Pick your favorite decision problem with really really bad asymptotic complexity: say, $\Theta(2^{2^n})$.

We're going to define a sequence of algorithms for this problem. The $k^{\text{th}}$ algorithm in this sequence will treat $k$-bit inputs as a special case.

Whatever the decision problem is, deciding it for all $k$-bit inputs is equivalent to computing some function $f:\{0,1\}^k \to \{0,1\}$. By a result of Shannon, there is a circuit of size $O(2^k/k)$ computing $f$; the algorithm will handle all $k$-bit inputs by just evaluating this circuit. This takes polynomial time in the size of the circuit, so we can bound the time by $C^k$ for some constant $C$ (the same constant $C$ works for all $k$). For all other input sizes, the algorithm will just default to whatever the $\Theta(2^{2^n})$ approach is.

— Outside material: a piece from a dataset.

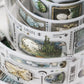 LCN Design Studio - UV Printing Matte PET Tape - Pieces of the Universe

All of these algorithms have asymptotic complexity $\Theta(2^{2^n})$. But the actual functions representing these complexities look like $$ f_i(n) = \begin{cases}C^n & n = k, \\ 2^{2^n} & \text{otherwise}\end{cases} $$ and so taking their pointwise infimum gives us a function which is $\Theta(C^n)$.


This is actually a really important feature of complexity theory: we need to distinguish the circuit complexity of a problem (the size of a circuit needed to solve it on $n$ bits, as a function of $n$) from the uniform circuit complexity (the size of a circuit needed, if there must be a Turing machine that outputs the $n^{\text{th}}$ circuit in $\operatorname{poly}(n)$ time). The construction above is exploiting the non-uniformity of the circuits Shannon's theorem gives us.

P.S. I guess we could replace the use of Shannon's theorem in this argument by a lookup table, but then we wouldn't get the nice connection to circuit complexity.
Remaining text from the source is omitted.